Con lo fácil que hubiera sido para el rey prudente, el segundo de los Felipes de Habsburgo, decir al mundo cómo medir el tiempo y lo que hiciera falta; él, en cuyo imperio siempre era de día. De nuevo derrotados y ninguneados por las potencias europeas, como cuando los posteriores belfos Austrias. O quizás no, que somos pueblo de guerrilla, que se lo digan a ese otro emperador corso que llegó de Francia.

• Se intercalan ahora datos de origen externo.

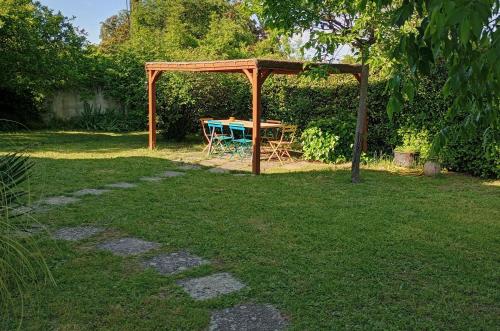 - une table de pique-nique sous un auvent en bois dans une cour dans l'établissement La Villa des Gardies, à Vézénobres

Hemos aceptado otras unidades de medida, el lugar desde donde medir la hora o con quién sincronizar el reloj. Pero cuando en Europa cenan, en España se merienda; cuando esos bárbaros apenas malcomen y vuelven al quehacer, aquí almorzamos como Dios manda y nos damos una siesta reparadora para seguir con más energía; cuando se acuestan, tristes por su triste vida, en la piel de toro disfrutamos de la familia y los amigos al aire libre. Frente a la inmutable pinta inglesa, la caña, el tubo, la jarra, el mini y la infinitud de medidas de capacidad cervecera patrias. O el medio de vino, que es más que la copa; la tapa, la media ración y la ración, que nunca es el doble; el cartucho y el espeto.

Como irreductibles numantinos, que no galos, hemos aguantado siglos de embate en husos y medidas foráneas a base de usos y otras medidas, a veces una pizca y a veces una “hartá”. Ahora nos queda la reconquista, como pelayos del siglo XXI; no religiosa sino del día a día. Nuestro arma, las playas, los monumentos, el buen yantar y demás bellos atributos que atraen a las hordas de rubicundos turistas como las moscas a la miel para descubrir la caña, la media botella, el chiringuito, la terraza del bar, la taberna, la tapa y, ¡oh, sí!, como la mística revelación a San Pablo en el camino de Damasco, la siesta. Y quedan convertidos.

El emperador Carlos lloraría de la emoción. Si Martín Lutero hubiera sido un turista alemán en Mallorca, muchas guerras de religión y hogueras de la Inquisición nos habríamos ahorrado.